■ **WORK ORDER**
Set down each record below exactly as it stands. Pictures are not part of the copy.

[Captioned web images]
---+---

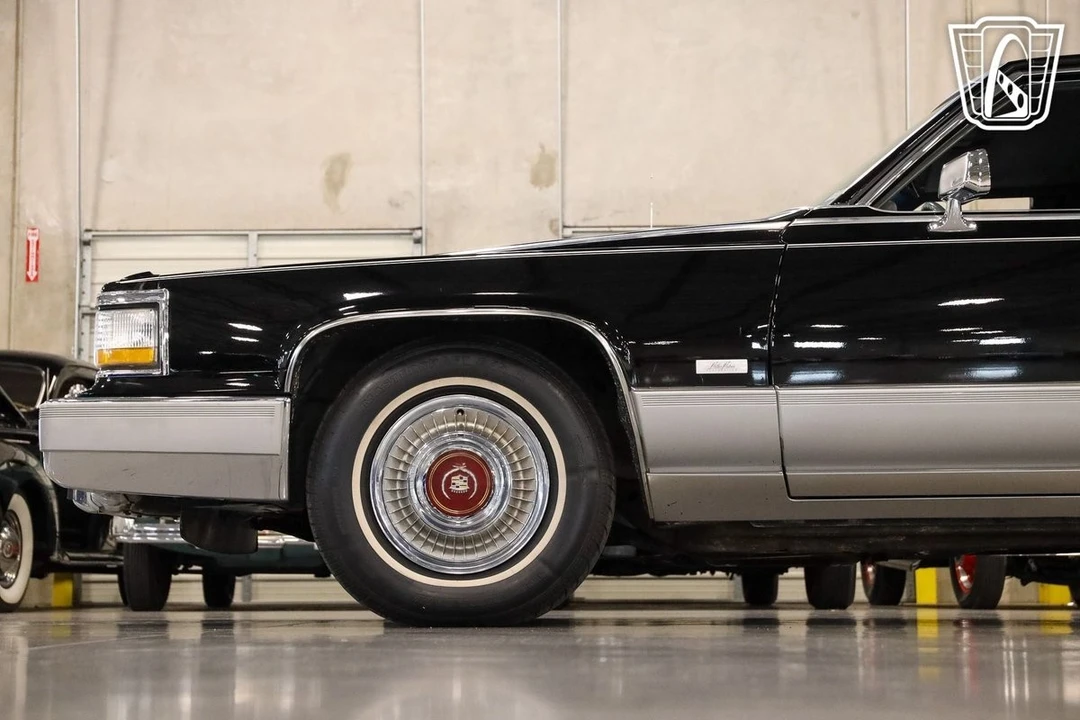 1992 Cadillac Brougham - Image 16 of 21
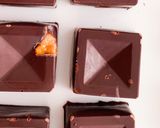 Foto del paso 2 de la receta: 2 tabletas Chocolate sin azúcar con frutos secos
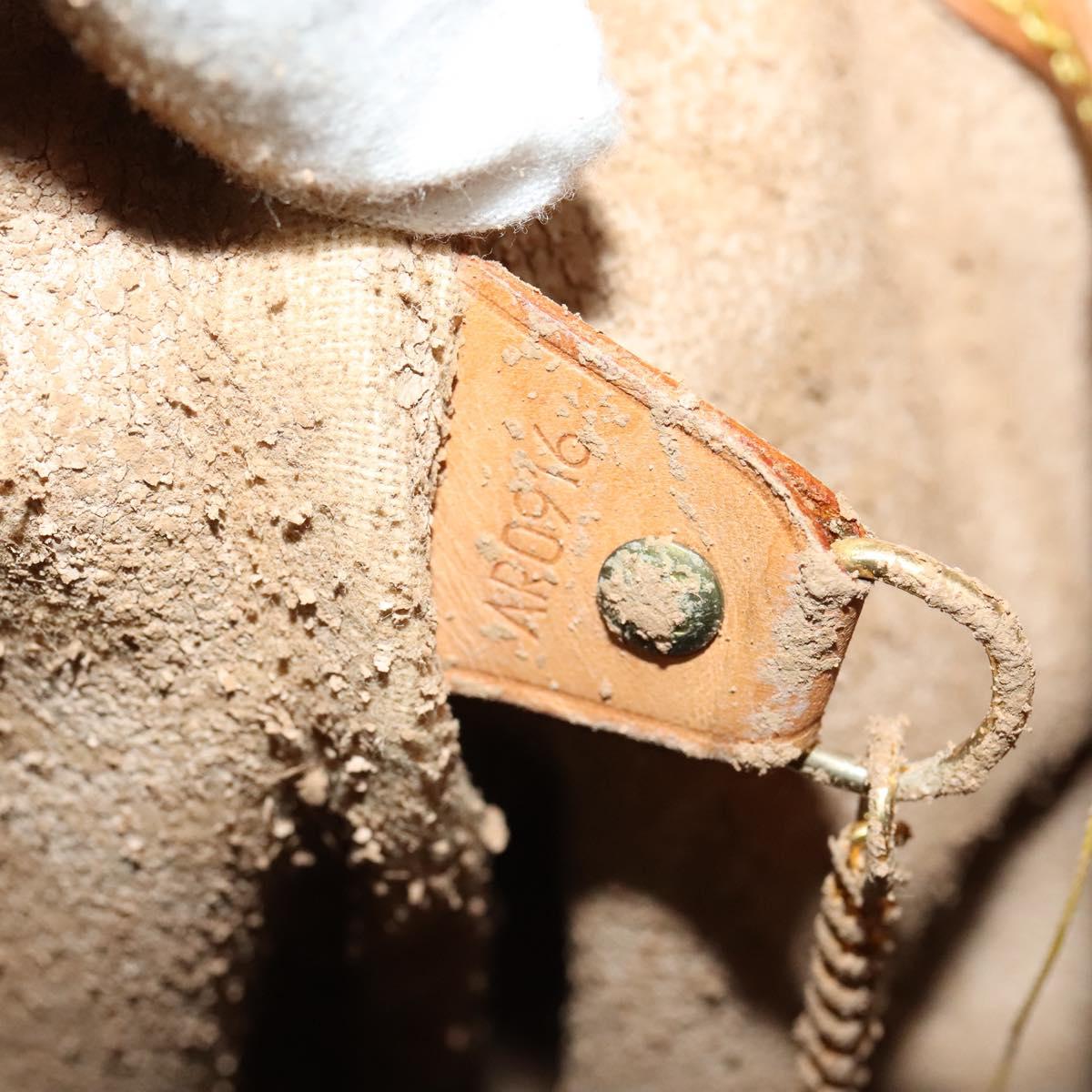 LOUIS VUITTON Monogram Bucket GM Shoulder Bag M42236 LV Auth 139551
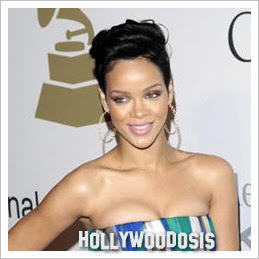 Rihanna solicita a la policia que le devuelvan 1 millón de dólares en joyas Rihanna solicita a la policia que le devuelvan 1 millón de dólares en joyas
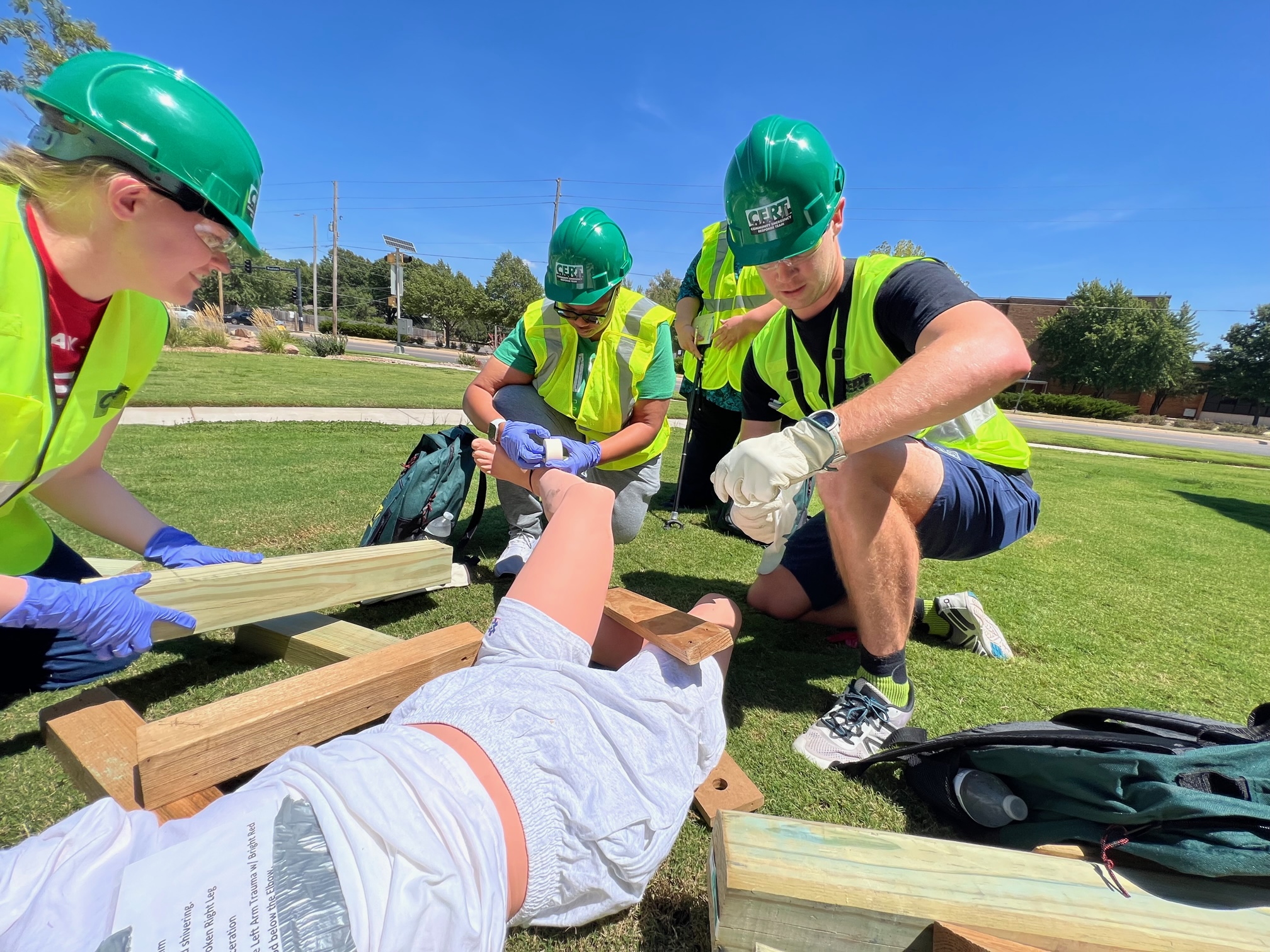 Participants of CERT training performing patient assessment during the exercise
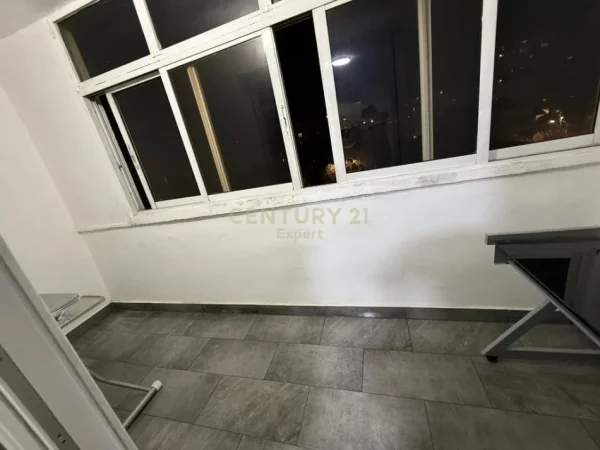 Tirane, jap me qera apartament 2+1 Kati 5, 84 m² 450 € (Oxhaku)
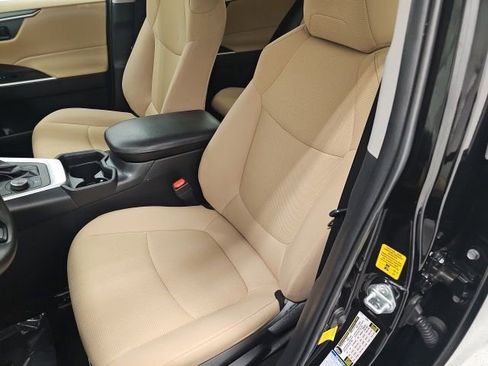 Used 2021 Toyota RAV4 LE image 15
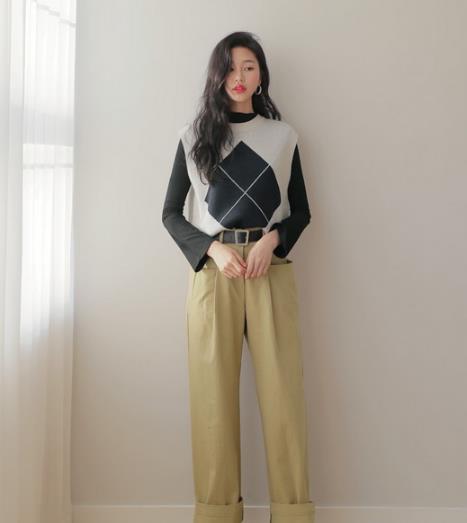 2018最新时尚街拍 阔腿裤这样穿准没错（图）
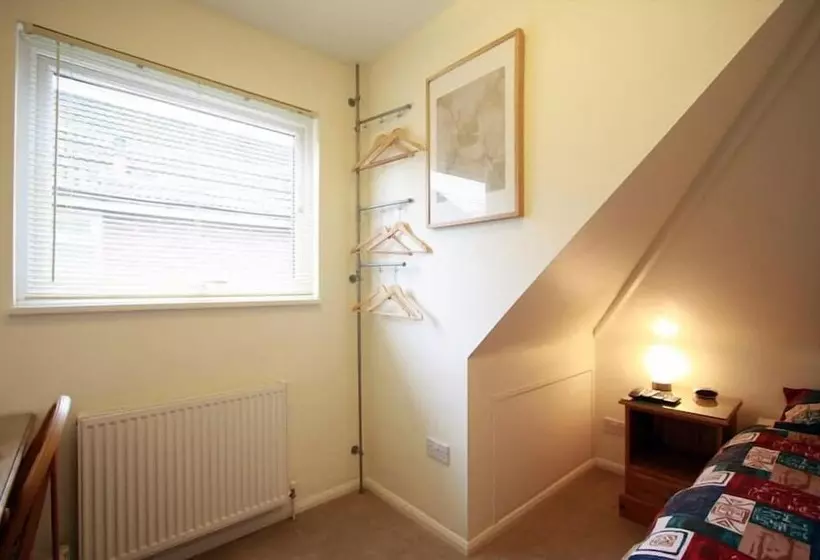 Abacus Bed And Breakfast, Blackwater, Hampshire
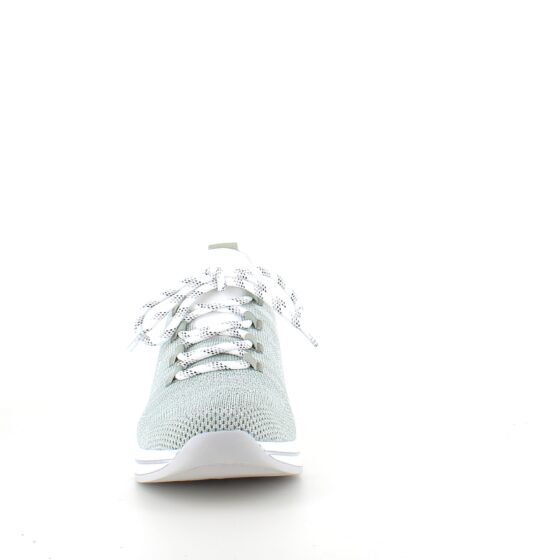 Remonte slip-on sneakers med bra hålfotsstöd.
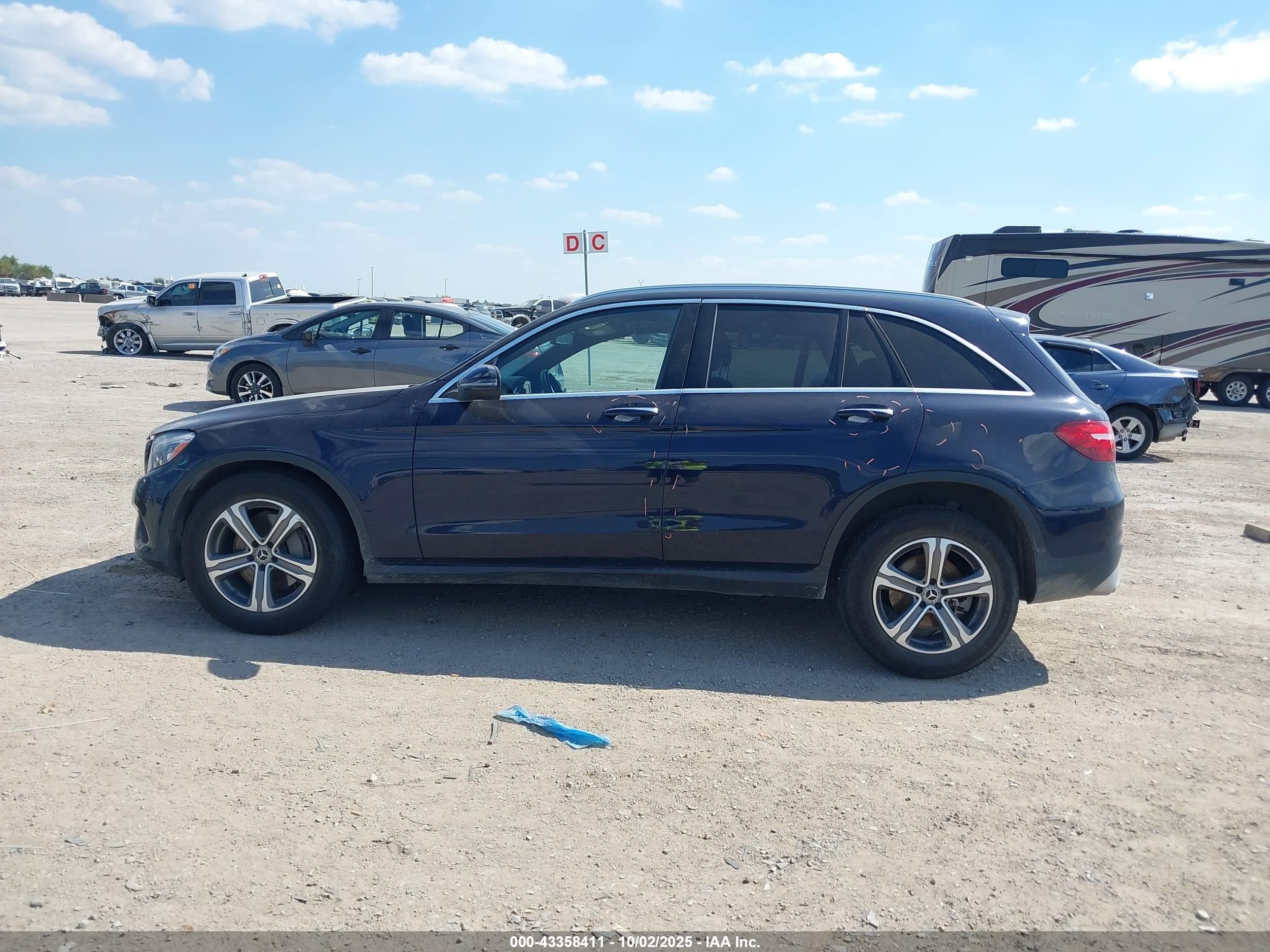 2018 Mercedes-benz Glc 300 4matic Dark Blue vin: WDC0G4KB8JV041167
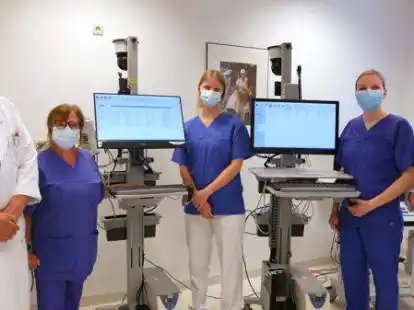 Das neue System bietet eine verbesserte und komfortablere Diagnostik (von links): Leitender Oberarzt Dr. Hinderikus Klugkist, medizinische Fachangestellte Madlen Uden, Auszubildende Natalie Christians, medizinische Fachangestellte Lena Visser und Chefarzt Professor Dr. Thomas B&uuml;ttner.
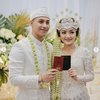 10 Pasangan Selebriti Ini Menikah Dengan Adat Sunda, Geulis dan Kasep Pisan Euy!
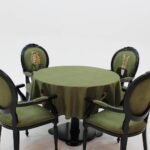 Aristocrats Yuvarlak Masa Örtüsü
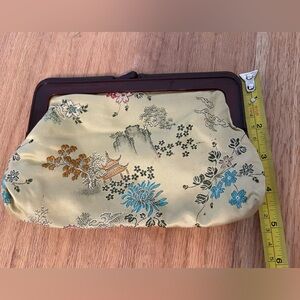 Asian silk tapestry clutch lucite clasp vintage look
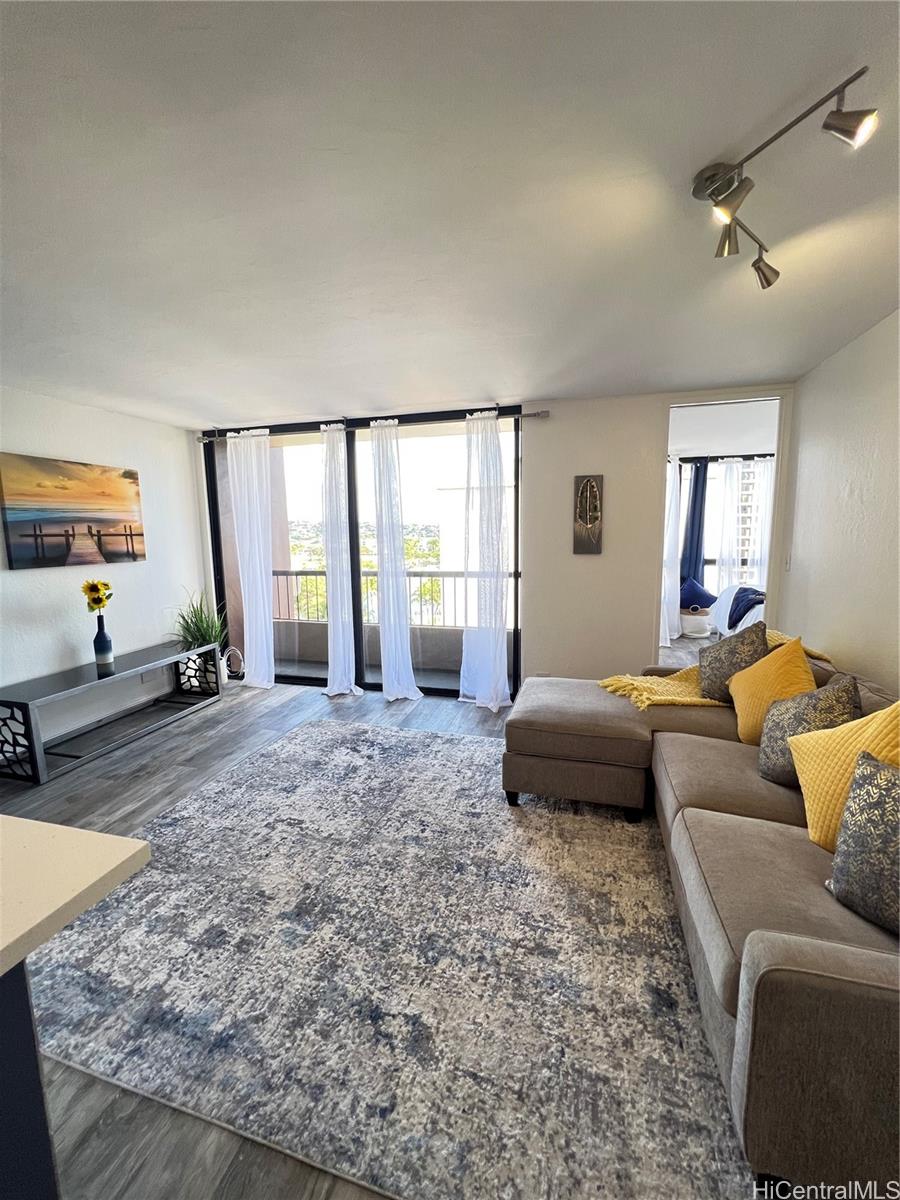 320 Liliuokalani Avenue  Unit 902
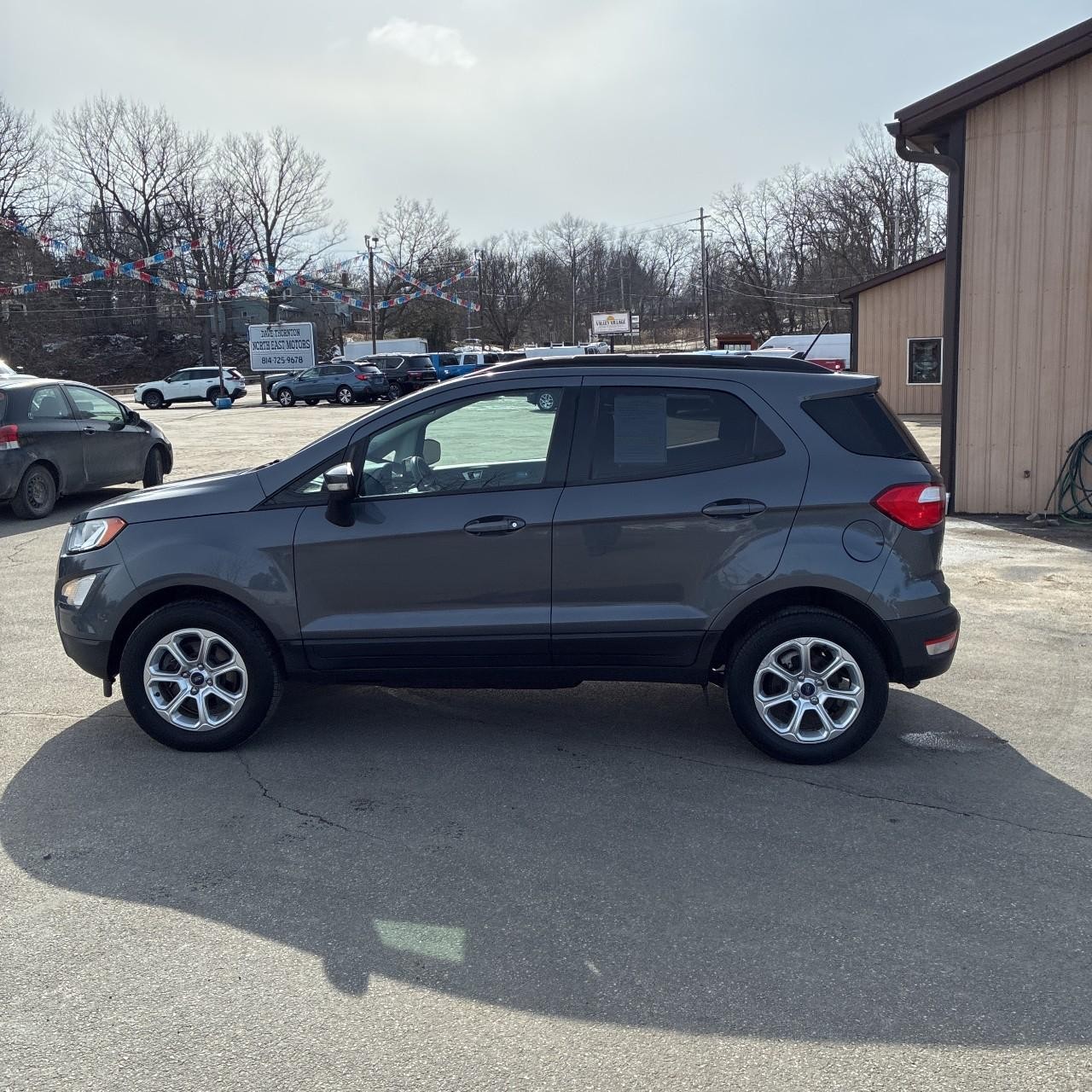 Ford EcoSport Vehicle Full-screen Gallery Image 2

---+---

■ **TASK OUTPUT**
 1992 Cadillac Brougham - Image 16 of 21
 Foto del paso 2 de la receta: 2 tabletas Chocolate sin azúcar con frutos secos
 LOUIS VUITTON Monogram Bucket GM Shoulder Bag M42236 LV Auth 139551
 Rihanna solicita a la policia que le devuelvan 1 millón de dólares en joyas Rihanna solicita a la policia que le devuelvan 1 millón de dólares en joyas
 Participants of CERT training performing patient assessment during the exercise
 Tirane, jap me qera apartament 2+1 Kati 5, 84 m² 450 € (Oxhaku)
 Used 2021 Toyota RAV4 LE image 15
 2018最新时尚街拍 阔腿裤这样穿准没错（图）
 Abacus Bed And Breakfast, Blackwater, Hampshire
 Remonte slip-on sneakers med bra hålfotsstöd.
 2018 Mercedes-benz Glc 300 4matic Dark Blue vin: WDC0G4KB8JV041167
 Das neue System bietet eine verbesserte und komfortablere Diagnostik (von links): Leitender Oberarzt Dr. Hinderikus Klugkist, medizinische Fachangestellte Madlen Uden, Auszubildende Natalie Christians, medizinische Fachangestellte Lena Visser und Chefarzt Professor Dr. Thomas B&uuml;ttner.
 10 Pasangan Selebriti Ini Menikah Dengan Adat Sunda, Geulis dan Kasep Pisan Euy!
 Aristocrats Yuvarlak Masa Örtüsü
 Asian silk tapestry clutch lucite clasp vintage look
 320 Liliuokalani Avenue  Unit 902
 Ford EcoSport Vehicle Full-screen Gallery Image 2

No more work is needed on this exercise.